I like Cronen’s writing. His goal is big: “to locate a nature which is within rather than without history, for only by so doing can we find human communities which are inside rather than outside nature” (a reference to Thoreau, 15: his journals have been blogged!) The goal of constituting an “ecological approach to history”is cool (and by now well-established, Cronon’s work marks a paradigmatic pivot point). Some of the problems he names presupposed other contemporary dynamics, such as “the development of a world capitalist system … [bringing] more and more people into trade and market relations which lie well beyond the boundaries of their local ecosystem” (14). Not that he was the only one who knew this, but in the way he recognizes and draws out the complexity in terms plain enough for a non-historian, or non-environmental scientist to understand. “In an important sense, a distant world and its inhabitants gradually become part of another people’s ecosystem, so that it is increasingly difficult to know which ecosystem is interacting with which culture. The erasure of boundaries may itself be the most important issue of all” (14).
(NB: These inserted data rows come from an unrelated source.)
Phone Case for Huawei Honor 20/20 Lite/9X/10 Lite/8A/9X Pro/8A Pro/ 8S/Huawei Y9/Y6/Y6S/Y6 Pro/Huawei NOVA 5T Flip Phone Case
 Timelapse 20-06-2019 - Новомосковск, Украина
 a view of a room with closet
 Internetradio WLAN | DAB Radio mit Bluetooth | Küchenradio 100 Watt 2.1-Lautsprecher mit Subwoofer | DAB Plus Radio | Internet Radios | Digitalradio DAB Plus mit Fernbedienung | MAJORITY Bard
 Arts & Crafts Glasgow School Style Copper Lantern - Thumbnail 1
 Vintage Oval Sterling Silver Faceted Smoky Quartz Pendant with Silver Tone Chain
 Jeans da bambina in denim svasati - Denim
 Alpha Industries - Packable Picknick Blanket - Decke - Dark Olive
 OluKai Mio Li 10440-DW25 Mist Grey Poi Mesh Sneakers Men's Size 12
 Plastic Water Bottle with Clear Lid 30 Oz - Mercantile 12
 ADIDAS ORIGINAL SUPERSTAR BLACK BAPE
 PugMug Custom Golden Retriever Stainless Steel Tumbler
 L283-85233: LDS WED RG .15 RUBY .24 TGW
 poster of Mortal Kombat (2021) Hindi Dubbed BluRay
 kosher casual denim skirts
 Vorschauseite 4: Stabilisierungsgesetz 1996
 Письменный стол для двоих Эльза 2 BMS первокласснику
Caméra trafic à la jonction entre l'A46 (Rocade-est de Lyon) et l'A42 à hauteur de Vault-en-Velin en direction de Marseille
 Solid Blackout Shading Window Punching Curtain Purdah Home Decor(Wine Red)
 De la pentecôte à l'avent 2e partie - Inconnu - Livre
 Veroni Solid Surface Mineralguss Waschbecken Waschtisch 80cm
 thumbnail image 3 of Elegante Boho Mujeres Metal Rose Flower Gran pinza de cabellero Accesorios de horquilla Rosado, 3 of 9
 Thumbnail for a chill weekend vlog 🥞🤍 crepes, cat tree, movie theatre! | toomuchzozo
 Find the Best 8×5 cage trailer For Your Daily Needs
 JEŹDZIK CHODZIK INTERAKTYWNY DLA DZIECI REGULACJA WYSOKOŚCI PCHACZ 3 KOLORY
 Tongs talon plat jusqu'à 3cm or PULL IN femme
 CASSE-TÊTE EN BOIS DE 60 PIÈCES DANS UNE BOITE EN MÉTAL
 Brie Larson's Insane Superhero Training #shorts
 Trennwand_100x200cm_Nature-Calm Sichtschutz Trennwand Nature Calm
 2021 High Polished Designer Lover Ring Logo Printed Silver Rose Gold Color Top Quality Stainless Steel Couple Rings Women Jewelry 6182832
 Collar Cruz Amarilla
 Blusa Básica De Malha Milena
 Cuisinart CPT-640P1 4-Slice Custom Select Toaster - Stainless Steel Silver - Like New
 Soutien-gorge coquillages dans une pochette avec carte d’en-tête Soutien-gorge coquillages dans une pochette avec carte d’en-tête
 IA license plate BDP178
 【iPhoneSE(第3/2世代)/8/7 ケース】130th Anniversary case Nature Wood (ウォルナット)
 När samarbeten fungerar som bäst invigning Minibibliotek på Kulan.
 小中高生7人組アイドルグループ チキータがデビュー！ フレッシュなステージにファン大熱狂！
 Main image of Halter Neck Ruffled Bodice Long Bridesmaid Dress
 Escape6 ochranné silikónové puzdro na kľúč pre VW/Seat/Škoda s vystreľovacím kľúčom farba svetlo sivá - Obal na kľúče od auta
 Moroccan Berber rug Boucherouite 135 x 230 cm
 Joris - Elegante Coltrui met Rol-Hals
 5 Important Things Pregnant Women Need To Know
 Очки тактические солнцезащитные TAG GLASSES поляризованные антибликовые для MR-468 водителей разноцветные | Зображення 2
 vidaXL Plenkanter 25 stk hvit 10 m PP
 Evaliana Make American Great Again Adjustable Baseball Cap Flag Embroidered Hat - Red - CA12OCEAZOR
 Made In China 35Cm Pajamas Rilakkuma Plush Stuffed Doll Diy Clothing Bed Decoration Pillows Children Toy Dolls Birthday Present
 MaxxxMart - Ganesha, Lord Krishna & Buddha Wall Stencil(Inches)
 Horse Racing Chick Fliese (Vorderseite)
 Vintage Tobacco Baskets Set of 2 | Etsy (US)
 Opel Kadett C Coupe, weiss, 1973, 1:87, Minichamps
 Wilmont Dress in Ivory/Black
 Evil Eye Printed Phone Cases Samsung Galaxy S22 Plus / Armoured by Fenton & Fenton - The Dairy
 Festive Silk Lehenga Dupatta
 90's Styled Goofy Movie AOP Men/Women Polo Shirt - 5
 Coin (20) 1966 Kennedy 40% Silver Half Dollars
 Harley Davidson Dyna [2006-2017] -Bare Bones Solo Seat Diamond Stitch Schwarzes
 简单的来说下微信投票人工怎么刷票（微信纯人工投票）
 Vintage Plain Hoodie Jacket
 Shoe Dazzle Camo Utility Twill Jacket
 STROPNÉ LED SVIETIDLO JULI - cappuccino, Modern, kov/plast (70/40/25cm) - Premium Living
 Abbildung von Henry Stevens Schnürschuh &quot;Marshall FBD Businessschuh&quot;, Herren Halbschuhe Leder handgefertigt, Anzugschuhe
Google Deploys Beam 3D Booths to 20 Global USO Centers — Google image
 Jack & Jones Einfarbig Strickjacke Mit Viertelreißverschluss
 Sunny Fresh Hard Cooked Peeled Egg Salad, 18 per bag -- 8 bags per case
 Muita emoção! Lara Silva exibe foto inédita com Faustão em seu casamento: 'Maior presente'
Get this: “All human groups consciously change their environments to some extent – one might even argue that this, in combination with language, is the crucial trait distinguishing people from other animals – and the best measure of a culture’s ecological stability may well be how successfully its environmental changes maintain its ability to reproduce” (emphasis added, 13). You know I’m making an organizational/institutional parallel! And – this is big Big BIG! – “If we assume a priori that cultures are systems which tend toward ecological stability, we may overlook the evidence from many cultures – even preindustrial ones – that human groups often have significantly unstable interactions with their environment” (italics in original, underlining added, 13). (I have always found instances of instability more instructive, rewarding, interesting, than (repetitive, unquestioned/able, monotonously predictable) stability.) {Can you say "bias"?!!}

Cronen continues: “if we avoid assumptions about environmental equilibrium, the instability of human relations with the environment can be used to explain both cultural and ecological transformations. An ecological history begins by assuming a dynamic and changing relationship between environment and culture, one as apt to produce contradictions as continuities. Moreover, it assumes that the interactions of the two are dialectical. Environment may initially shape the range of choices available to a people at a given moment, but then culture reshapes environment in responding to those choices. The reshaped environment presents a new set of possibilities for cultural reproduction, thus setting up a new cycle of mutual determination. Changes in the way people create and re-create their livelihood must be analyzed in terms of changes not only in their social relations but in their ecological ones as well” (italics in original, bold added, 13).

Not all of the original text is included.